Monday, March 16, 2009

Pen Meets Paper March 16 '09

Opinion by Helge Nome
The Stelmach government in Alberta has let another animal out the back door. It is called “Bill 19” and makes the previous Bill 46 look like a rather tame puppy.
Just to tickle your memory a little bit: Bill 46 poked its nose out the door in 2007 amongst all the controversy over the proposed 500 kilovolt power line between Edmonton and Calgary. It was an aggressive little beast seeking to limit landholders' rights to oppose power corridor developments over their lands and retroactively legitimized scandalous actions by the Energy Utilities Board in its dealings with the public. During this time, the EUB was also found to have hired spies to listen in on the conversations of objectors to proposals being heard by the board. As the dust settled towards the end of 2007, a slightly muted Bill 46 was passed by the legislature, creating the Alberta Utilities Commission and so splitting the EUB into the Energy Resources Conservation Board (ERCB) and the AUC. And nameplates were shuffled on the doors of the various operatives without any evidence in a change of attitude as is now indicated by the emergence of Bill19.
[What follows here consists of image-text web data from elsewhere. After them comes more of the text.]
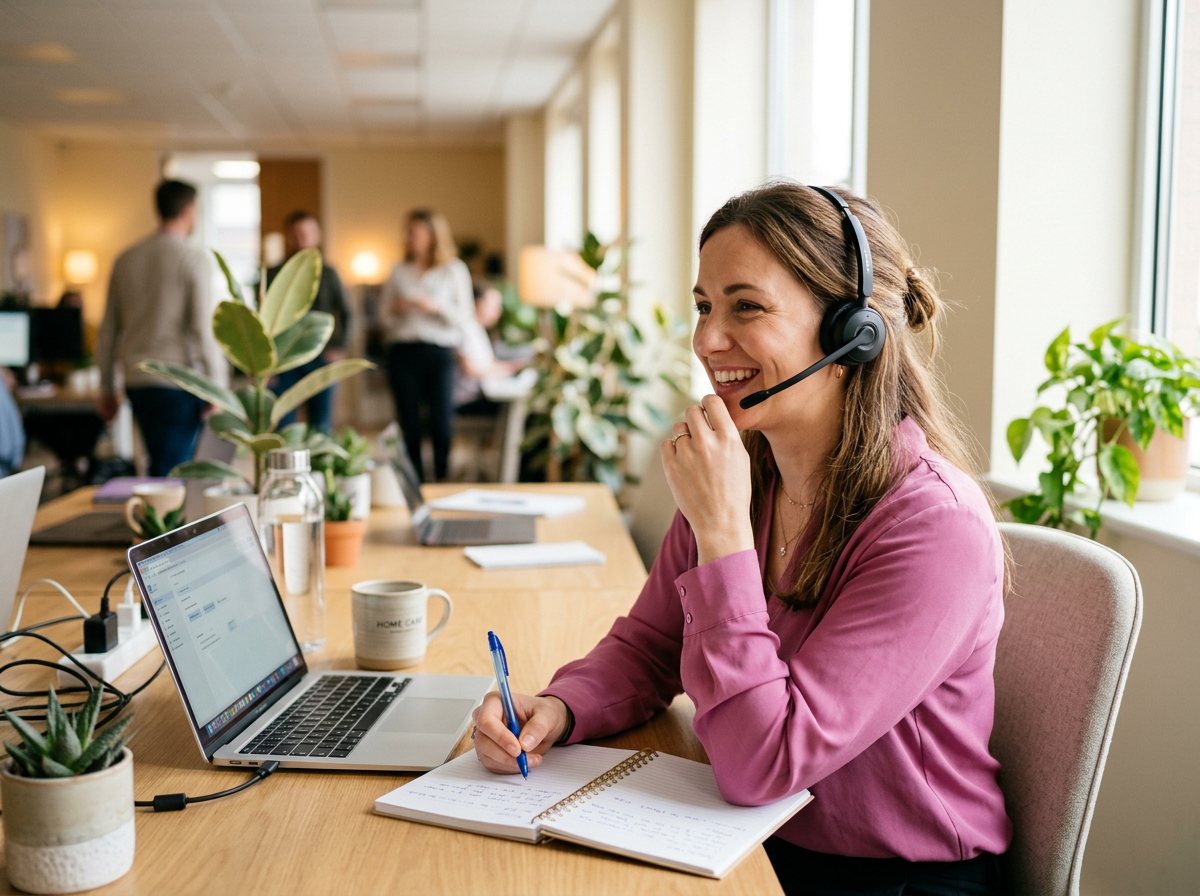 Mitarbeiterin telefoniert mit Headset im Büro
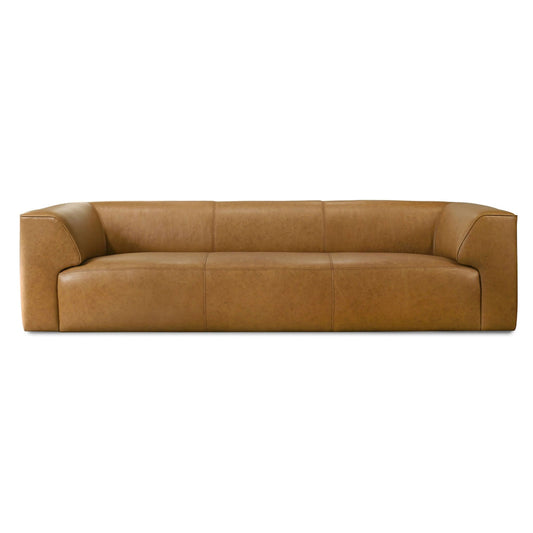 Rialto 105" Tan Top Grain Buffalo Leather Sofa | Modern Luxury 3-Seater in minimalist design and warm tan hue.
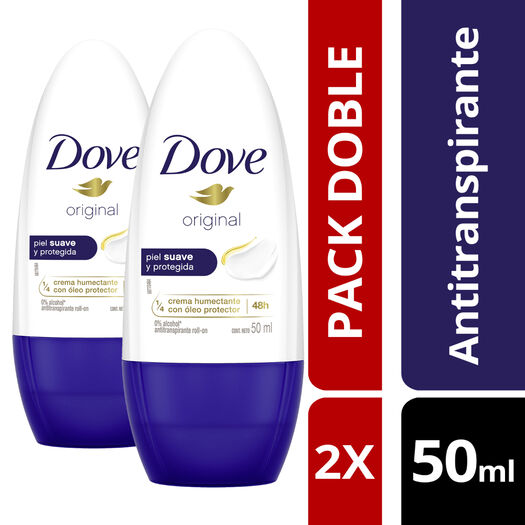 Pack 2 Dove Desodorantes Roll on Original 50 ml, , large image number 0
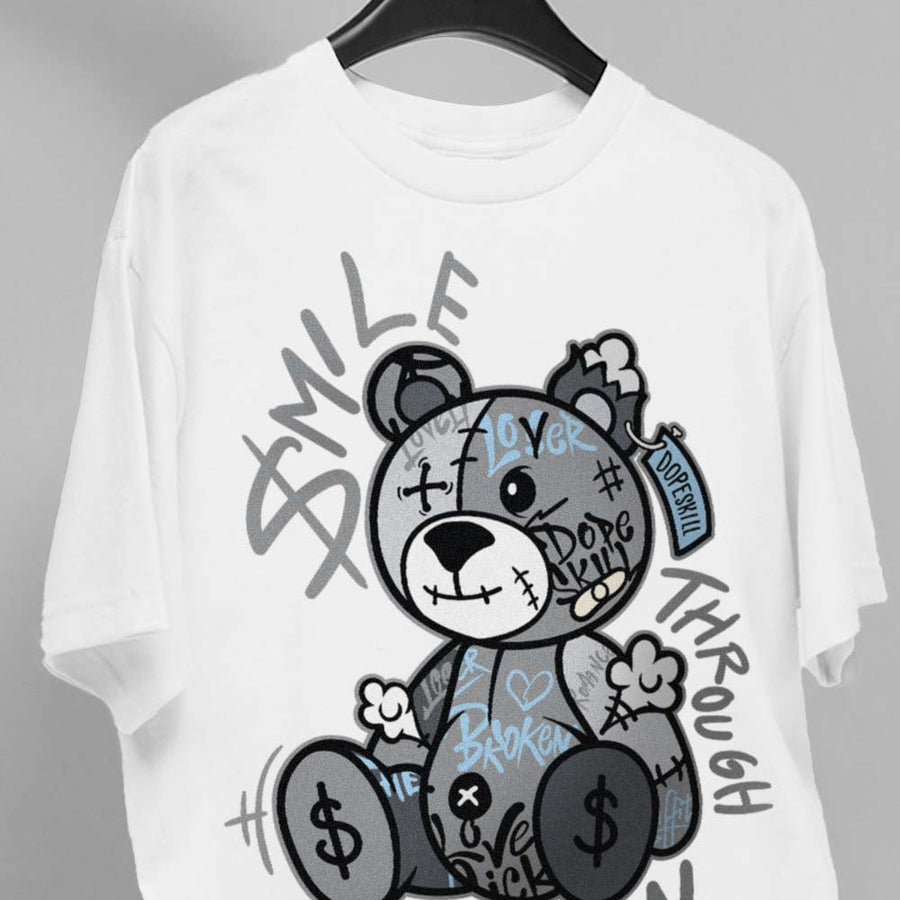 Wolf Grey 5s DopeSkill T-Shirt Smile Through The Pain Graphic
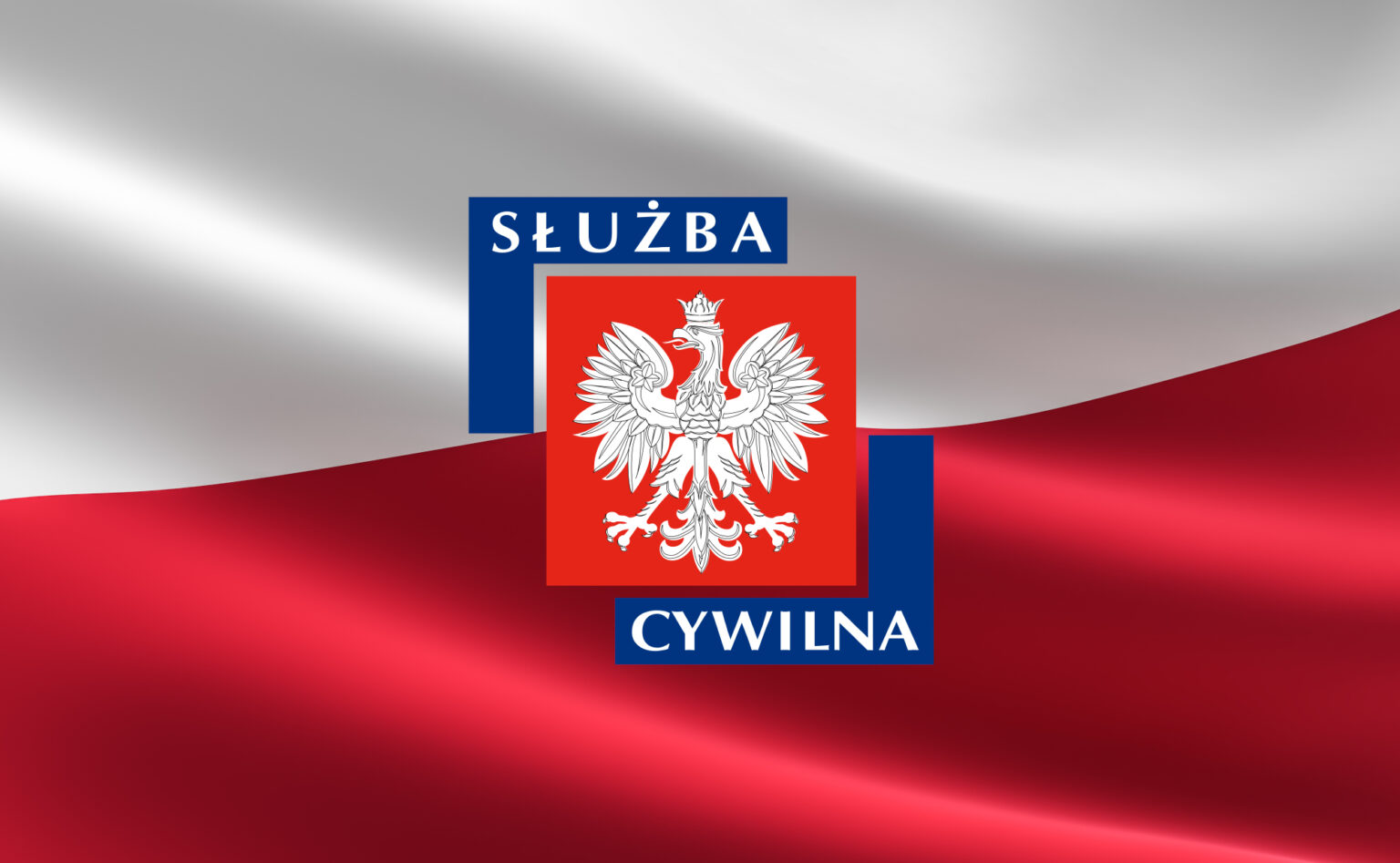 Na biało-czerwonym tle znajduje się godło Polski z podpisem Służba Cywilna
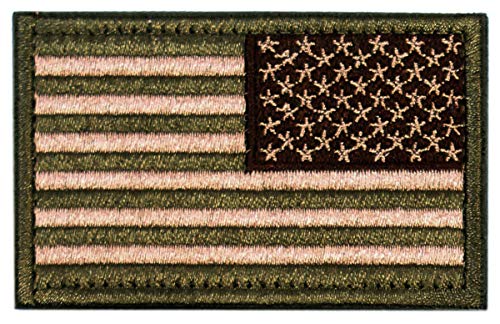 Taktische Aufnäher mit USA-Flagge auf der Rückseite, mit Klettverschluss für Rucksäcke, Mützen, Jacken, Hosen, Militär-Armee-Uniform, Embleme, Größe 7,6 x 5,1 cm von MAXXPRO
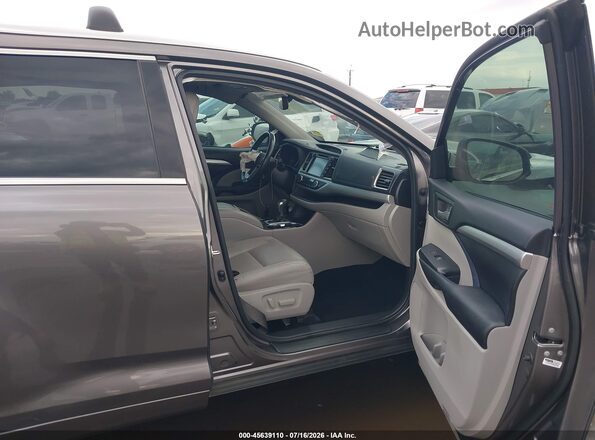 5TDKZRFH4JS547612 2018 TOYOTA HIGHLANDER Gray Front interior view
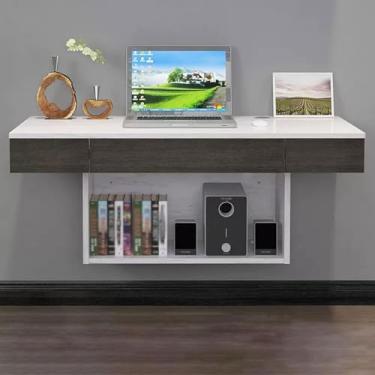 Imagem de Mesa de computador, armário de TV, prateleira flutuante, prateleira de parede, quarto, sala de estar, escritório, mesa de estudo, mesa de leitura, suporte de TV, prateleira multimídia, prateleira de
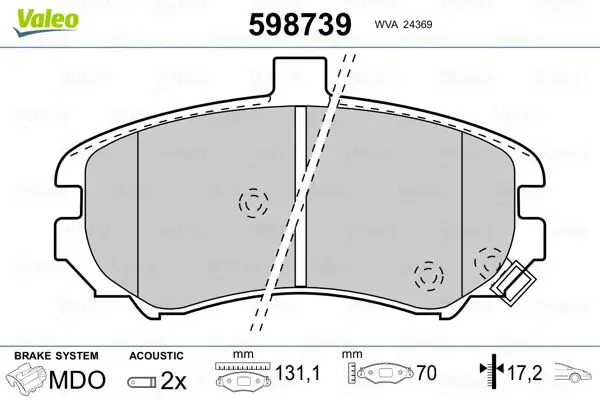 Handler.Part Brake pad set, disc brake Valeo 598739 1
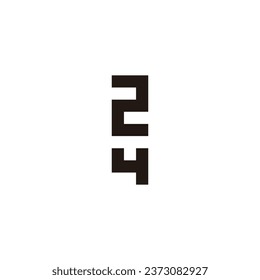 Number and letter 2 T 4 square geometric symbol simple logo vector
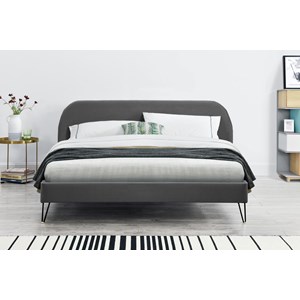 Phoenix lit 160 x 200 cm en velours gris et pieds noirs
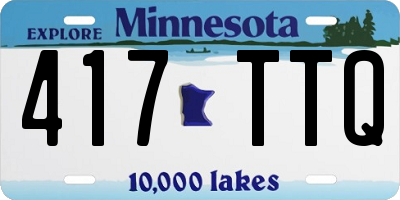 MN license plate 417TTQ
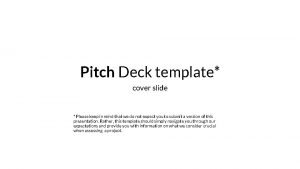 Pitch deck cover slide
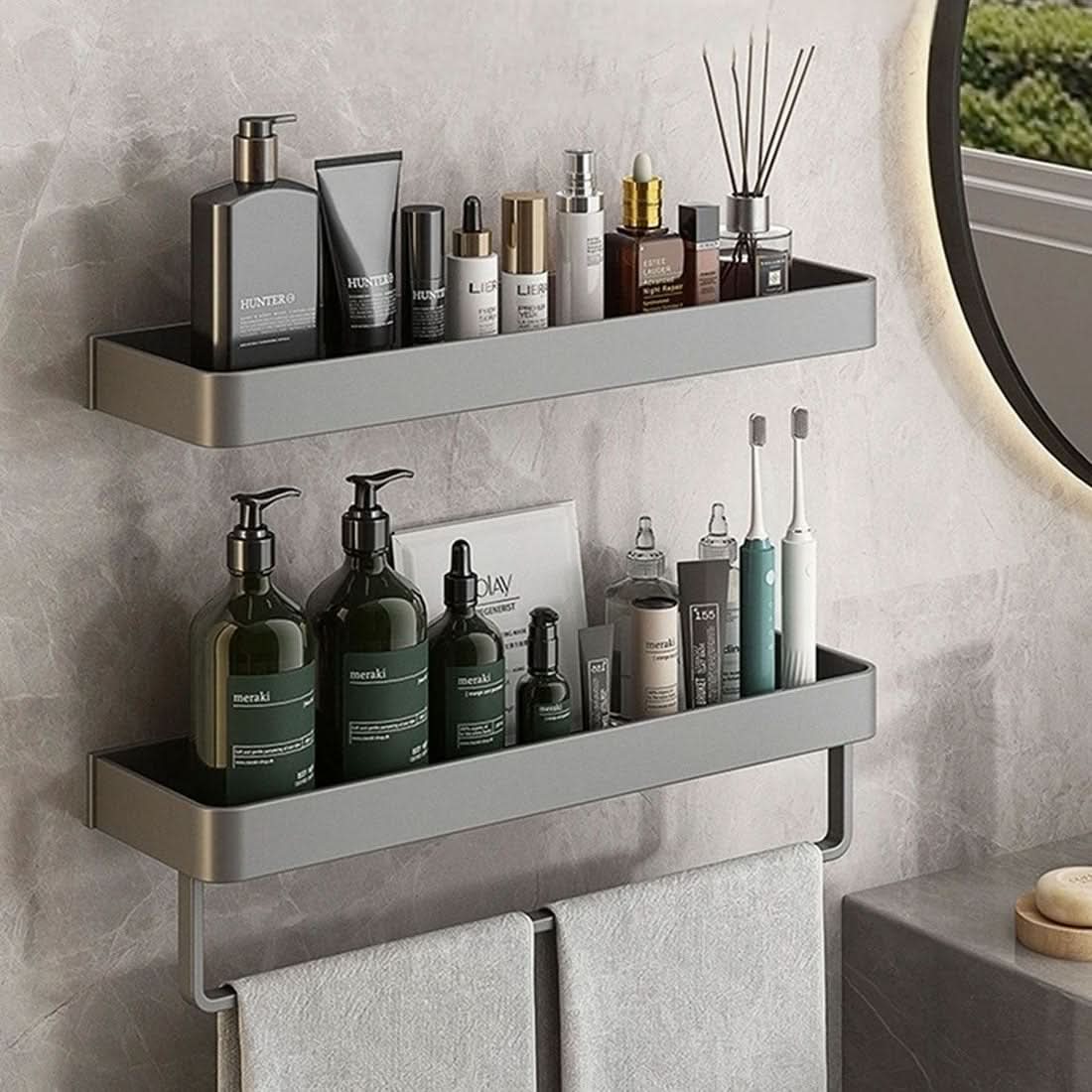 Bathroom Wall Shelf Drill-Free Water-Resistant Towel Holder Option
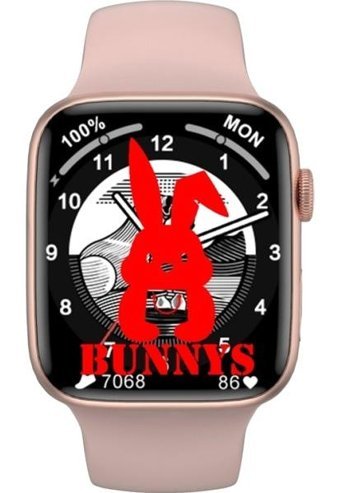 Rabbit Store Watch 8 Android GPS 45 mm Silikon Kordon Kare Unisex Akıllı Saat Pembe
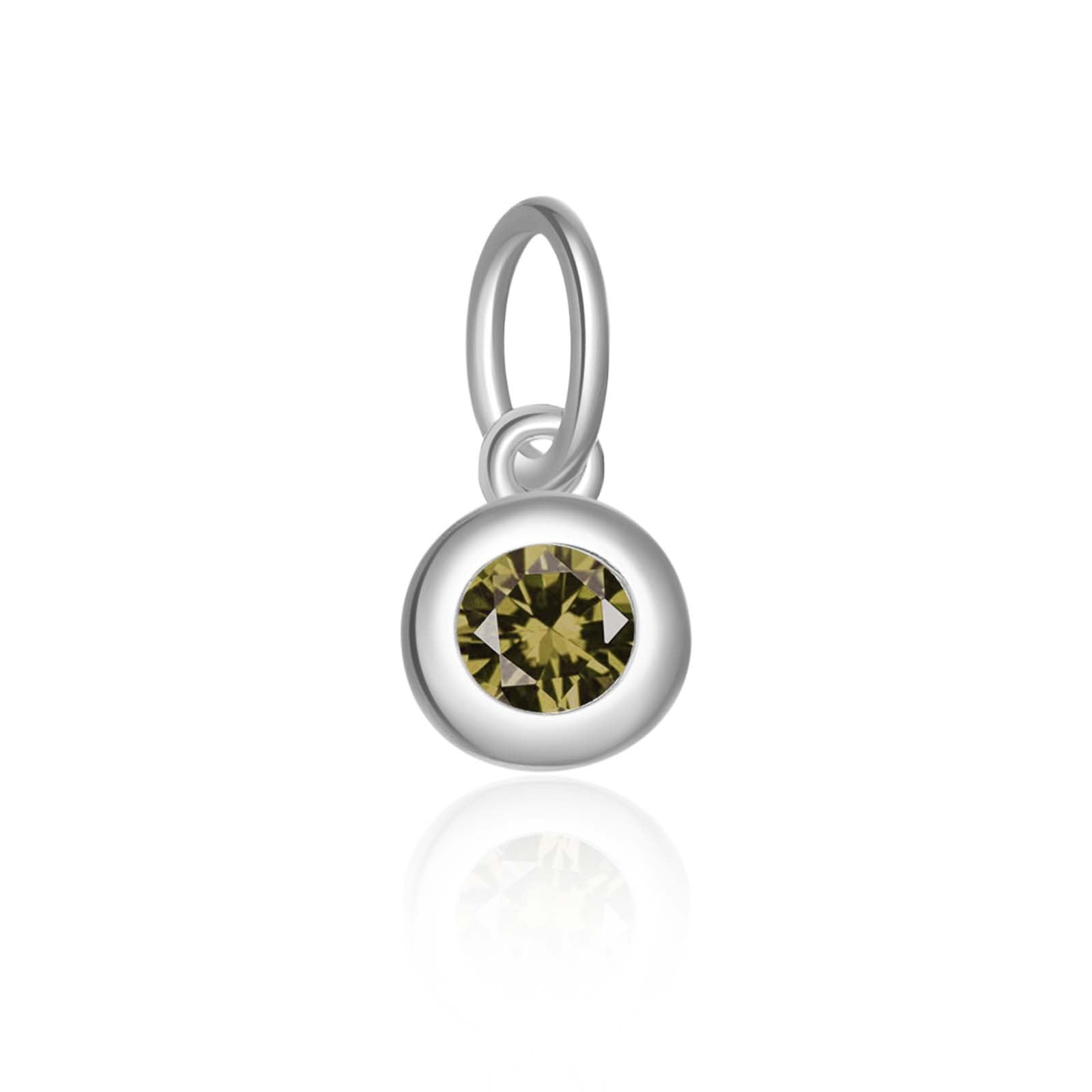 925 Sterling Silver Round Birthstone CZ Charm Pendant 90200097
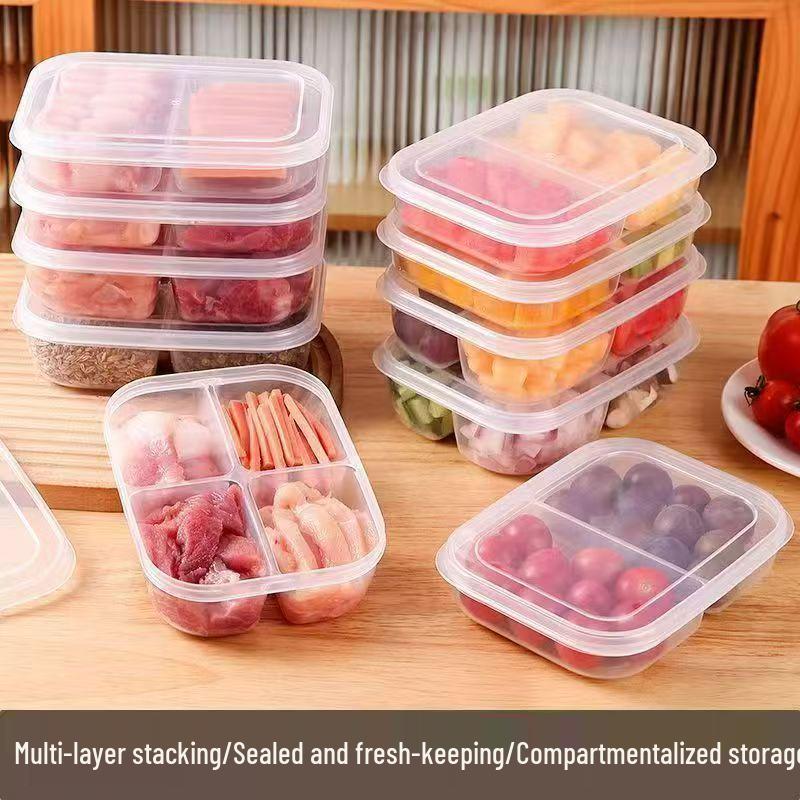 Four-Compartment Fresh-Keeping Meal Storage Box for Kitchen: No Flavor Transfer for Vegetables & Frozen Meat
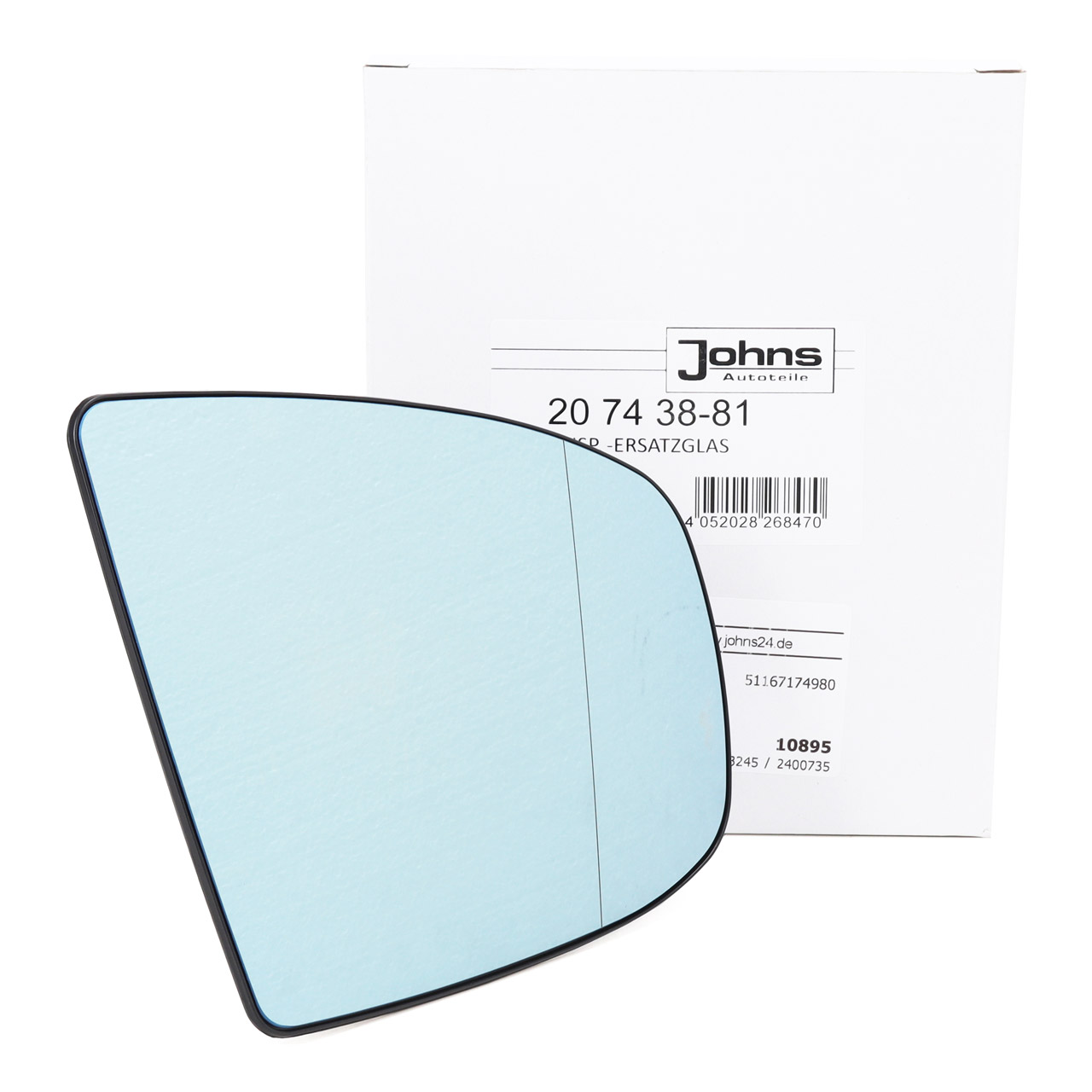 JOHNS 207438-81 Au&szlig;enspiegel Spiegelglas ELEKTRISCH f&uuml;r BMW X5 E70 X6 rechts 51167174982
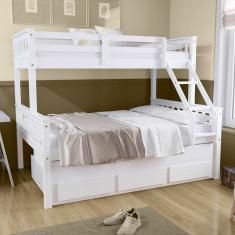 Imagem de Treliche Com Cama Casal Premium Com Gavetas Madeira Maciça Branco Megamobilia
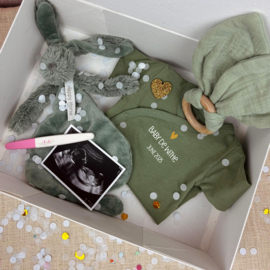 Origineel cadeau bekendmaking zwangerschap - box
Here is a quote from the Edmonton Journal:
“Alberta Green Party leader Joe Anglin, who spearheaded landowner opposition during the first hearings into the Edmonton-Calgary 500 KV transmission line, called the bill "one of the most draconian attempts to streamline the expropriation process of private property known to a democratic society."
Bill 19 makes it legal for any cabinet minister to take away anyone's home, land or property "for pretty much any reason they so desire," he said.
"If the minister thinks you are going to contravene his or her orders, they can order you to stop what they think you are going to do, and if you don't stop what they think you might do, they can put you in jail."
The bill carries heavy penalties for people who break regulations. Violators face fines of up to $100,000 or up to two years in prison or both while corporations can be fined up to $1 million.”
Fancy that; the agents of Big Energy are at it again, using the Stelmach puppies to look after their interests by trying to coerce Albertans into letting them do whatever they want.